The United States "has repeatedly rejected the International Criminal Court's assertions of jurisdiction over United States personnel", read a statement from the White House press secretary.

The ICC's actions "are an attack on the rights of the American people and threaten to infringe upon our national sovereignty", it said.

A senior administration official, who was not authorised to publicly discuss the order and spoke only on the condition of anonymity, alleged on Thursday that Russia may be encouraging accusations against US personnel. The official declined to provide details about the alleged Russian influence of the court, according to The Associated Press news agency.

The White House called the court an "unaccountable and ineffective" bureaucracy that "targets and threatens United States personnel" and that of its allies.
Latest attack

The executive order signed by the president marks his administration's latest attack against international organisations, treaties and agreements that do not hew to its policies. Since taking office, Trump has withdrawn from the Paris climate accord, the Iran nuclear deal and two arms control treaties with Russia.

He has pulled the US out of the UN Human Rights Council and the UN Educational, Scientific and Cultural Organization, threatened to leave the International Postal Union and announced an end to cooperation with the World Health Organization (WHO).

The Hague-based court was created in 2002 to prosecute war crimes and crimes against humanity and genocide in areas where perpetrators might not otherwise face justice. It has 123 state parties that recognise its jurisdiction.

Unlike those treaties and agreements, however, the US has never been a member of the ICC. Administrations of both parties have been concerned about the potential for political prosecutions of American troops and officials for alleged war crimes and other atrocities. The US has extracted pledges from most of the court's members that they will not seek such prosecutions and risk losing US military and other assistance.

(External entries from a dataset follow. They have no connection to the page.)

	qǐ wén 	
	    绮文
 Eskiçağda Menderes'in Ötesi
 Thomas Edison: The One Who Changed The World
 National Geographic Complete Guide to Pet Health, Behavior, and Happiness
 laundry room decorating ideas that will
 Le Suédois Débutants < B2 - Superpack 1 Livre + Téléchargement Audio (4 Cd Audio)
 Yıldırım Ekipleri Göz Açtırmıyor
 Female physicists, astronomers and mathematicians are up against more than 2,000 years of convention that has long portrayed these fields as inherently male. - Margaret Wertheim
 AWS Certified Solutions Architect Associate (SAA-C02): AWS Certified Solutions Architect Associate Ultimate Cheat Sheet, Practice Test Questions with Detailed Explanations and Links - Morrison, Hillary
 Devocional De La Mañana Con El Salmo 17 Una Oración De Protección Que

However, ICC prosecutors have shown a willingness to press ahead with investigations into US service members and earlier this year launched one that drew swift US condemnation.

Overturned

Last year, after the former national security adviser, John Bolton, threatened ICC employees with sanctions if they went forward with prosecutions of US or allied troops, including from Israel, Secretary of State Mike Pompeo revoked the visa of the court's chief prosecutor, Fatou Bensouda. Bensouda had asked ICC judges to open an investigation into alleged war crimes in Afghanistan that could have involved Americans. The judges initially rejected the request, but the denial was overturned after Bensouda appealed the decision and the investigation was authorised in March.

The appellate ruling marked the first time the court's prosecutor had been cleared to investigate US forces, and set the global tribunal on a collision course with the Trump administration. Bensouda pledged to carry out an independent and impartial investigation and called for full support and cooperation from all parties. Pompeo blasted the decision at the time, calling it "a truly breathtaking action by an unaccountable political institution masquerading as a legal body".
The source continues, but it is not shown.